§ The problem
Each line from the one containing "Viloa SS Cardigan Beaded / Black" through the last line of the data below should be printed exactly, please, with any pictures omitted.

Records from a data collection:

*** Block opens ***

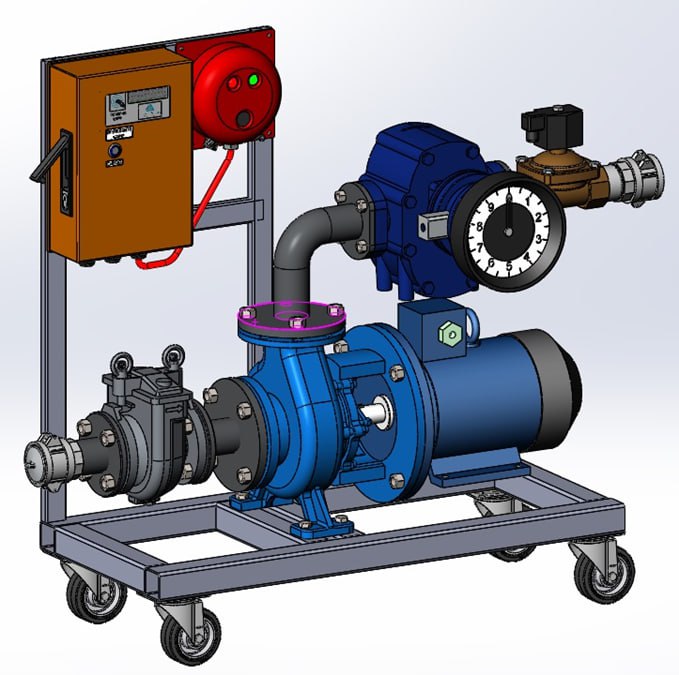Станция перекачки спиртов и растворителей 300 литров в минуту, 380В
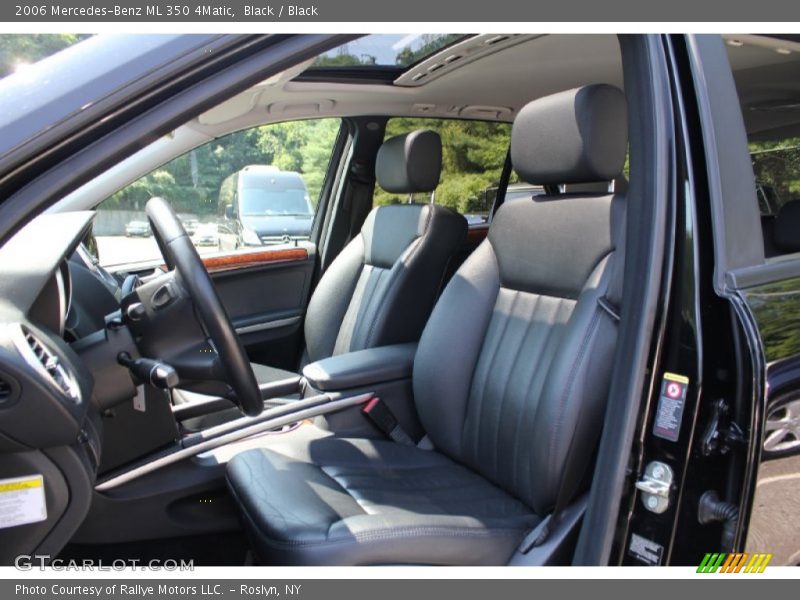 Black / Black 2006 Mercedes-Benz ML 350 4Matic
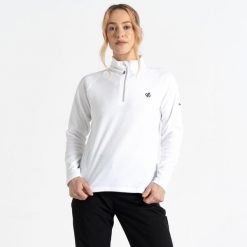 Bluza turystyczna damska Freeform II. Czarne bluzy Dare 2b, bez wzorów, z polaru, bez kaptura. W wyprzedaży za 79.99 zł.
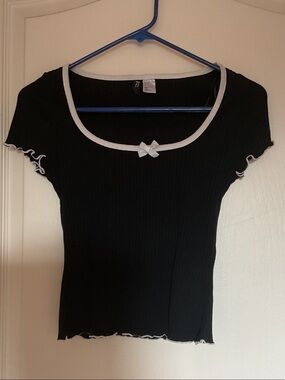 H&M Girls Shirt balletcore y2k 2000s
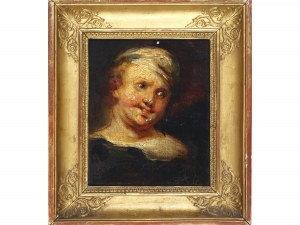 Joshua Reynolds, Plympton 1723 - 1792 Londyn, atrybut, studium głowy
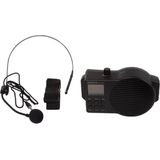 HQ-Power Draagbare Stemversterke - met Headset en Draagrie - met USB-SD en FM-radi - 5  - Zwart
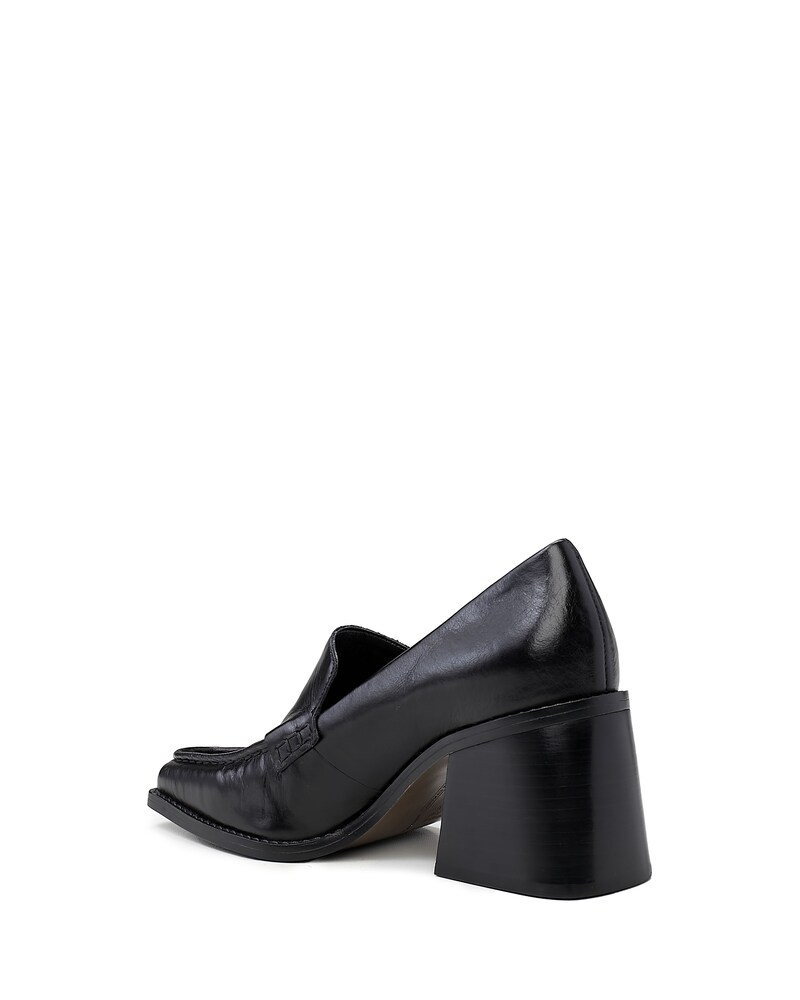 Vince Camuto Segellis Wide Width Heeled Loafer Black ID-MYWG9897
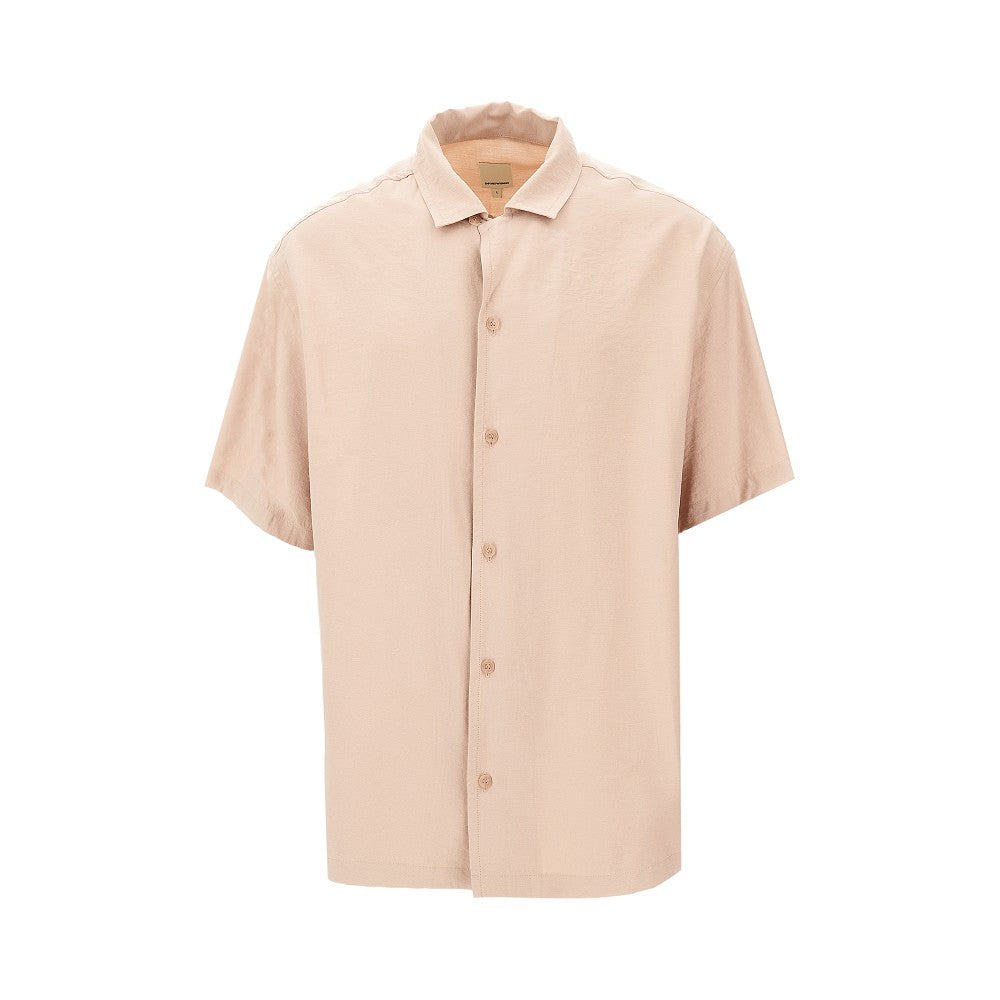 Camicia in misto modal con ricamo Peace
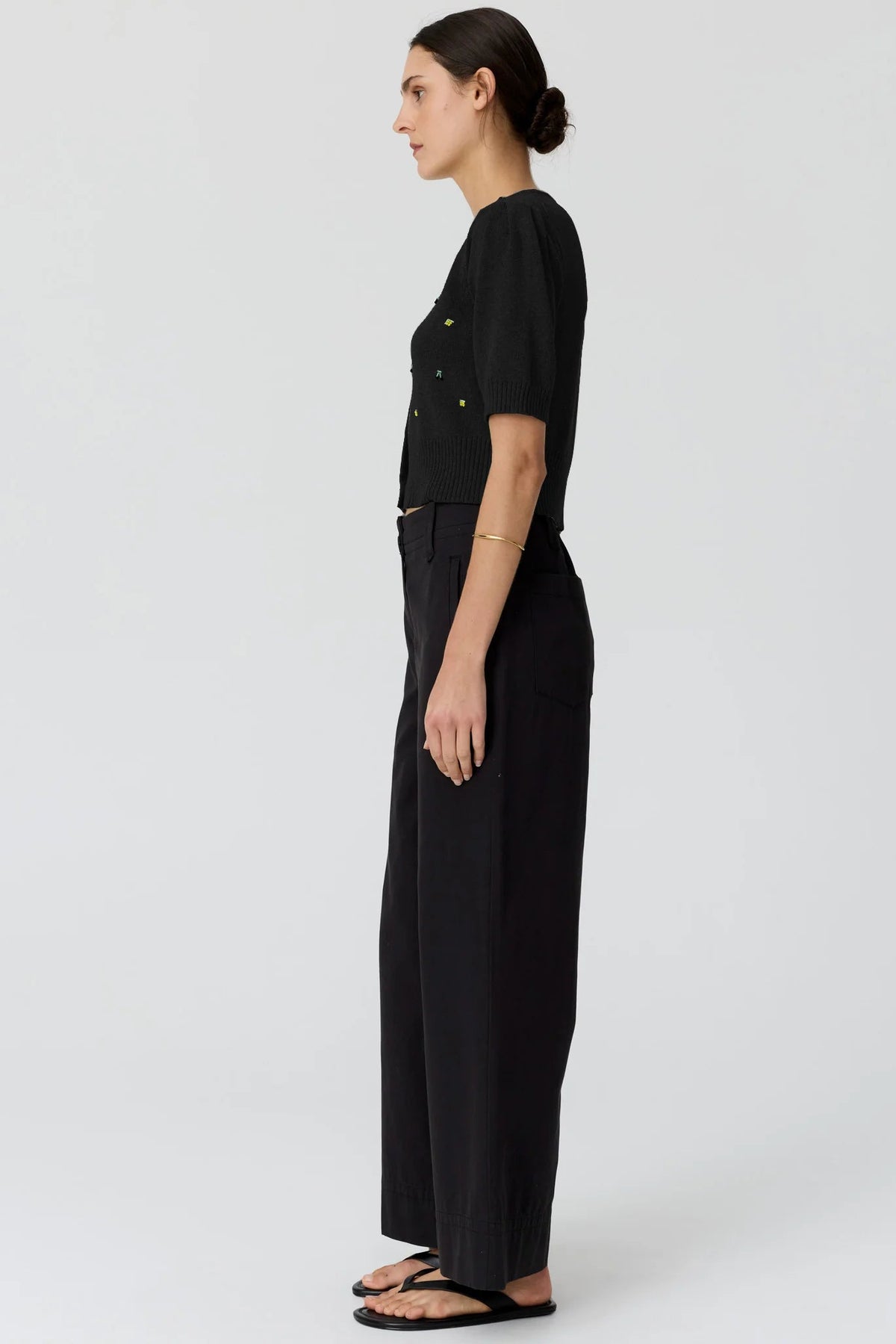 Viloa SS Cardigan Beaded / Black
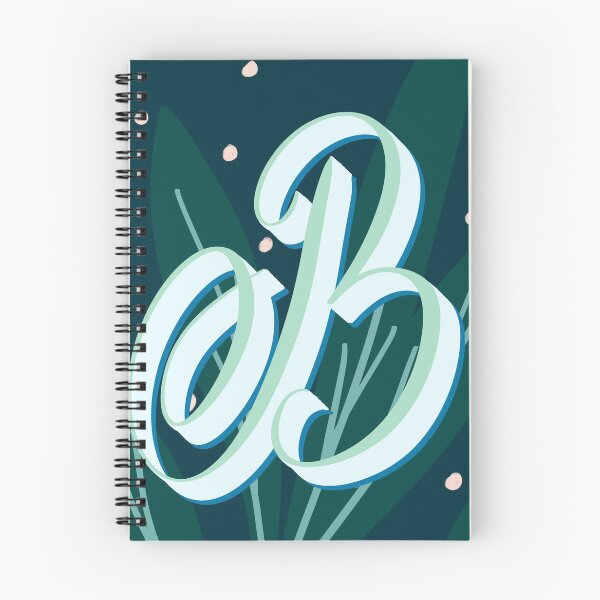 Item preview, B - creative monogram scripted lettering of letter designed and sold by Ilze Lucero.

*** Block closes ***

§ Expected answer
 Viloa SS Cardigan Beaded / Black
 Item preview, B - creative monogram scripted lettering of letter designed and sold by Ilze Lucero.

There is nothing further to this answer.